-AA 26

14 6 1
                                    

Titik mencintai seseorang adalah mengikhlaskan untuk melepasnya.

°°°°°°°°

-Achazia


Citra memakai baju berwarna putih dan celana berwarna hitam. kontras dengan kulitnya yang putih. Rambutnya ia geraikan, dan sepatu berwarna hitam. Citra menuruni anak tangga dengan langkah pelan sehingga tak menimbulkan suara telapak kakinya.

"Bunda, aku pergi dulu," suara Citra, bunda dan kakaknya mungkin sudah tertidur pulas di alam mimpi. Jam menunjukan pukul 08:17 ia bergegas pergi kerumah Abri. karena ia di undang oleh Acha untuk barbeque. katanya diusulkan oleh Akifah agar teman-teman Abri kerumahnya.

Citra menggunakan kendaraan mobil berwarna siver gold. Sesampainya di depan rumah Abri, Citra di sambut baik oleh Acha. Mengapa Acha mengundangnya? Karena ia masih penasaran dengan Citra. Senyum tulus yang Acha berikan ketika menyambut Citra dan menyuruhnya untuk masuk. Di ruangan tengah tempat untuk barbeque jagung disana sudah ada beberapa orang yang tak lain Nashi, Afkar, Arkan, Jino, dan si pemilik rumah yaitu Abri. Memang tak banyak yang Abri undang hanya teman dekatnya saja. Kalau Arkan itu usulan Acha pastinya.

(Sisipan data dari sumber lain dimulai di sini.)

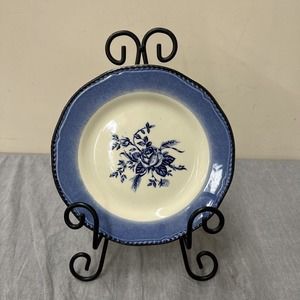 Woods & Sons vintage blue White Colonial Rose Flower pattern 7.75" Plate Chrty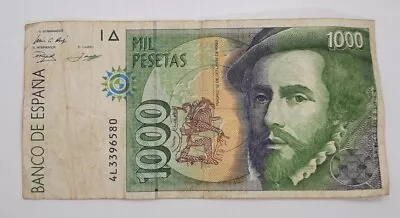 1992 / Banco De España Spain - 1000 Pesetas Banknote Serial No. 4L 3396580 • £4.79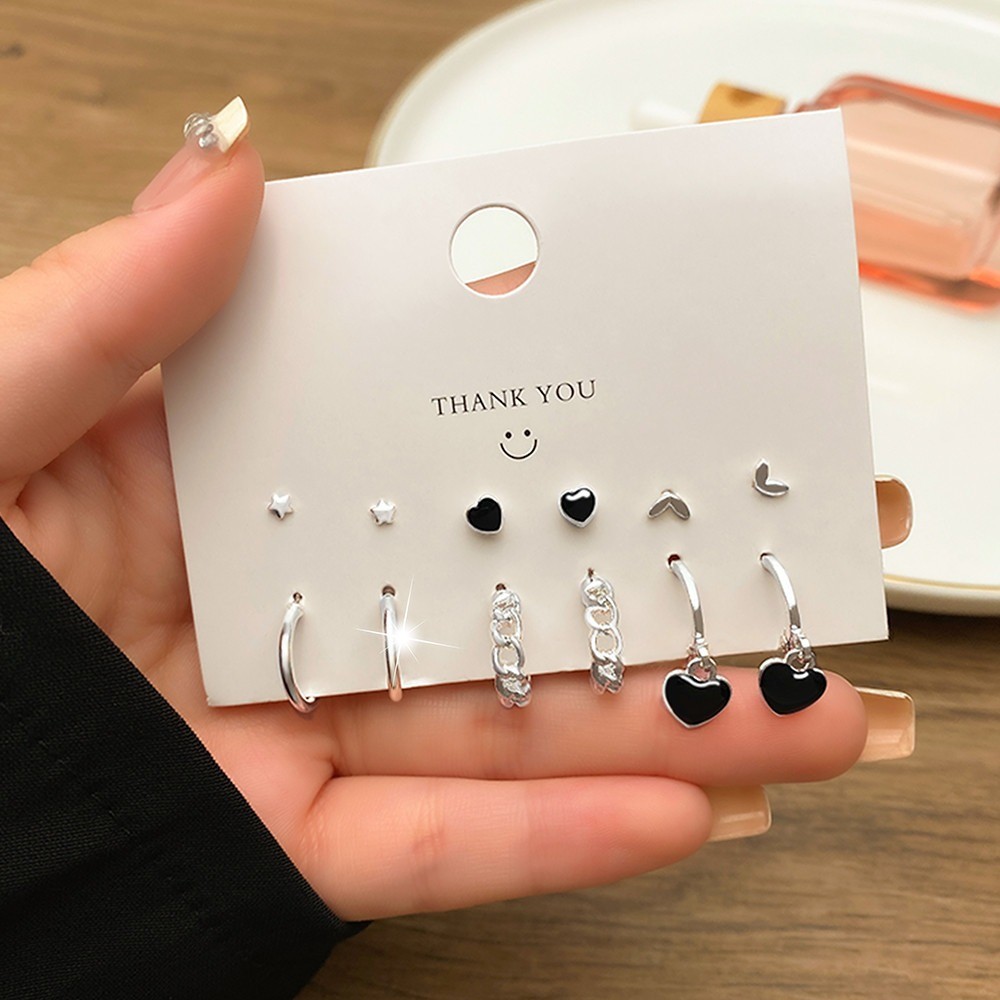 Kit 6 Conjunto De Brincos Múltiplos Coreanos – Joias Minimalistas Da Moda Para Mulheres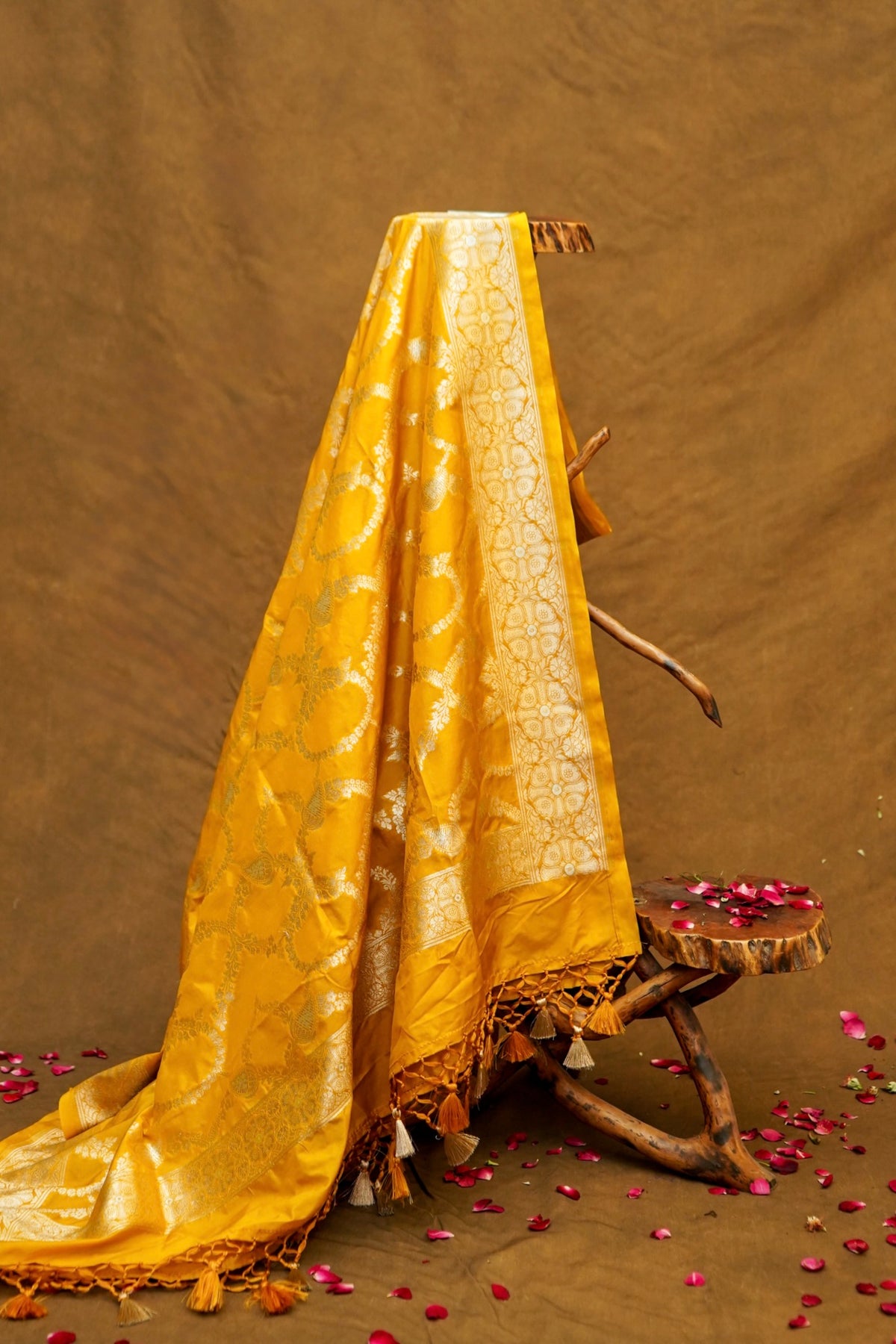 Mustard Yellow Banarasi Katan Silk Dupatta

Citra tersenyum menyapa mereka, berusaha menyesuaikam lingkungan untuk terbiasa bergaul dengab mereka.

"Jagungnya kita bakar sekarang aja ya." Akifah datang dan membawa kipas tangan. Mereka pun mengangguk mengambil jagung dan mengupasnya satu persatu. Perempuan bertugas mengupas jagung dan laki-laki bertugas membakar jagungnya.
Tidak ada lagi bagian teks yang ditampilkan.